On Leadership, Toyota, and Successfully Implementing Change

Medical Robot

I am a medical doctor and Professor of Medicine. I treat human beings. I also understand how they behave. Humans are creatures of habit. And when it comes time to improve performance, many of us fear, or even reject, change.

However, maintaining the status quo rarely leads to improvement.

And in the practice of medicine, improvement should be a priority.

Through trial, error, and eventual success, I have found that effective change requires unique skills often not taught in standard leadership courses.

Gatorounds 1.0

My first significant experience with implementing change came when I decided to improve teamwork during hospital work rounds at the University of Florida (UF).

Modern medical care has become too complex for one person to manage.

When faced with complexity, the business world assembles multidisciplinary teams in which members effectively share their expertise and work together to achieve their goal.

I had found that caregivers were not enamored with business models, and my attempt to use the Toyota Production System as the guiding set of principles met with resistance.

Learning From Athletics

I realized that virtually everyone can relate to a successful athletic team, even if only as a spectator. Modeling our rounding system on athletic principles proved to be a more practical and accessible model.
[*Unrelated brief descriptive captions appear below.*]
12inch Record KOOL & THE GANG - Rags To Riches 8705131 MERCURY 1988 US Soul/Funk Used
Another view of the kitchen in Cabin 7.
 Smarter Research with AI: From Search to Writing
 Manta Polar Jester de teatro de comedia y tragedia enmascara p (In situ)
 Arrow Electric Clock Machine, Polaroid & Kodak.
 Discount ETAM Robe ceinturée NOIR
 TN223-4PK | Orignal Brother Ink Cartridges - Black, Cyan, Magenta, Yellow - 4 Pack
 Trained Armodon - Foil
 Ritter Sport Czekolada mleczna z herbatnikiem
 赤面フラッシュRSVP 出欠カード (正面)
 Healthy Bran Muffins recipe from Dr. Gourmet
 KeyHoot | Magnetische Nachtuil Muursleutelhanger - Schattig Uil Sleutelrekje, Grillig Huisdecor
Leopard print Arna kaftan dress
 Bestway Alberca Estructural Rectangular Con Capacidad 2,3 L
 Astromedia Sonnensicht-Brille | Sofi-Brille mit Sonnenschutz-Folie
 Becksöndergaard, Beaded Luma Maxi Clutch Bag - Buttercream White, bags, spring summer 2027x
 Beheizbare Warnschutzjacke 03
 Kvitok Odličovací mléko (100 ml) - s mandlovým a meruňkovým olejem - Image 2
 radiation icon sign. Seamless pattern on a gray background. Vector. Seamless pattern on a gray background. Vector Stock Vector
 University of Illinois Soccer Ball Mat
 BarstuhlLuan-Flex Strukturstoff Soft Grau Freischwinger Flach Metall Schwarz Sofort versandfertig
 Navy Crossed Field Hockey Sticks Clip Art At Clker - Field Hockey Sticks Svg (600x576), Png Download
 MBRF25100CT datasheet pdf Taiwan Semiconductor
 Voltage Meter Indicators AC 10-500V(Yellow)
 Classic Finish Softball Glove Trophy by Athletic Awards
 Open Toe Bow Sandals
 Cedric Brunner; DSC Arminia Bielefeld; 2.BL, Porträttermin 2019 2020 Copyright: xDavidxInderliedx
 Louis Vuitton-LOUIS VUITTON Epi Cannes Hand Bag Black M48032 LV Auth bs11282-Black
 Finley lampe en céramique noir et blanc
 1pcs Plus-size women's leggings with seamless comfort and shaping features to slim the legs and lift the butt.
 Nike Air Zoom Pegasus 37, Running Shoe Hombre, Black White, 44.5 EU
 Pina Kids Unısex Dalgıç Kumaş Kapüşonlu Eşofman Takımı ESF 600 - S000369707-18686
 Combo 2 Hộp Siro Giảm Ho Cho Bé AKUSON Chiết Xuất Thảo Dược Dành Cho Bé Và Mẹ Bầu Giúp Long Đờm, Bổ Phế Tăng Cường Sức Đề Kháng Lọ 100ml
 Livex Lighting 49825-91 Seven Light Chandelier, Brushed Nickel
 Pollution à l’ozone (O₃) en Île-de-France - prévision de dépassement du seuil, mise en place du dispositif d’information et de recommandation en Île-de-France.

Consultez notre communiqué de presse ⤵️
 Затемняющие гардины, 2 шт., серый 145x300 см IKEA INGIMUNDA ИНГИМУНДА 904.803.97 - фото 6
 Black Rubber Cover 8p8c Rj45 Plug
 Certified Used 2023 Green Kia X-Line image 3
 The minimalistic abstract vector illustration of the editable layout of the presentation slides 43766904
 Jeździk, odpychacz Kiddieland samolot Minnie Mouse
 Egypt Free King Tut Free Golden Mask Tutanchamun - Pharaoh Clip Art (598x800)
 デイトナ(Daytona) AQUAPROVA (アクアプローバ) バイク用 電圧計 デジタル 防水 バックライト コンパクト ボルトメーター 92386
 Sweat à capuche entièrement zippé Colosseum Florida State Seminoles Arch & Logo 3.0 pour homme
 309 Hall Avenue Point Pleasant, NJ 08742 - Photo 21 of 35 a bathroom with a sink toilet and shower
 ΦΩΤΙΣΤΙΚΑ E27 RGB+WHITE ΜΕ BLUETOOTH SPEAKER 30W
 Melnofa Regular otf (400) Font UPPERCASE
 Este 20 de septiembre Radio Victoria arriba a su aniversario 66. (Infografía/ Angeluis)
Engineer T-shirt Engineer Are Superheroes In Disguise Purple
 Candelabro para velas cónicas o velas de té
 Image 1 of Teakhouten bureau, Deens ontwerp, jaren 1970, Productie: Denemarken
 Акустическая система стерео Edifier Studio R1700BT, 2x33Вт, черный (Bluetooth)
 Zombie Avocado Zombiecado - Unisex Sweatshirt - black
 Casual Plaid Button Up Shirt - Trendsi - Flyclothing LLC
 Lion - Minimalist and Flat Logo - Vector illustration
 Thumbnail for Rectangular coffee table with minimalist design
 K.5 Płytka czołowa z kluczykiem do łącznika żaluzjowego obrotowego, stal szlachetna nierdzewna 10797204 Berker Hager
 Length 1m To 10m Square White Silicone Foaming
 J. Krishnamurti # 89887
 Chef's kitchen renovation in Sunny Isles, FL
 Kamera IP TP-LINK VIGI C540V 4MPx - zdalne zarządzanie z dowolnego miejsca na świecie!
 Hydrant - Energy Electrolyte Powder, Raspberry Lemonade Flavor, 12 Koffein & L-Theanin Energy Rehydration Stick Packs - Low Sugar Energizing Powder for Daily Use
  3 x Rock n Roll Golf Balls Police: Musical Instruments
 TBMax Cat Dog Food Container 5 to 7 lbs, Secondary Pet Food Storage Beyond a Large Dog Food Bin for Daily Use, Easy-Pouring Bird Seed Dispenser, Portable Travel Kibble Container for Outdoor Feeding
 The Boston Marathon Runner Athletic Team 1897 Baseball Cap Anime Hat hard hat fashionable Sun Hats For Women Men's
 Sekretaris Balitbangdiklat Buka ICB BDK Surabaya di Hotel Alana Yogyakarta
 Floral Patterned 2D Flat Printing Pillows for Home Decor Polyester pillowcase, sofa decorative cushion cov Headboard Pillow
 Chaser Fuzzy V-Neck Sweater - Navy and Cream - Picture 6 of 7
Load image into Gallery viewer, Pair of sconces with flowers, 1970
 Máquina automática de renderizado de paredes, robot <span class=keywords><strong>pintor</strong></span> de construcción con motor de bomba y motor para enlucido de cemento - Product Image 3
The use of athletic principles allowed me to draw on every caregiver’s past experiences to improve their teamwork.

I embraced this approach with great enthusiasm, so you can imagine my dismay when my colleagues exhibited a lukewarm response to my concept of Gatorounds (named for the university’s mascot, the alligator).

I didn’t understand that proposing this seemingly straightforward approach would force a dramatic change in the way work rounds were conducted.

The physician would no longer be the captain of the ship, but rather become the team coach.

This meant that physicians would have to give up some of their power and empower others to truly assist in the care of their patients.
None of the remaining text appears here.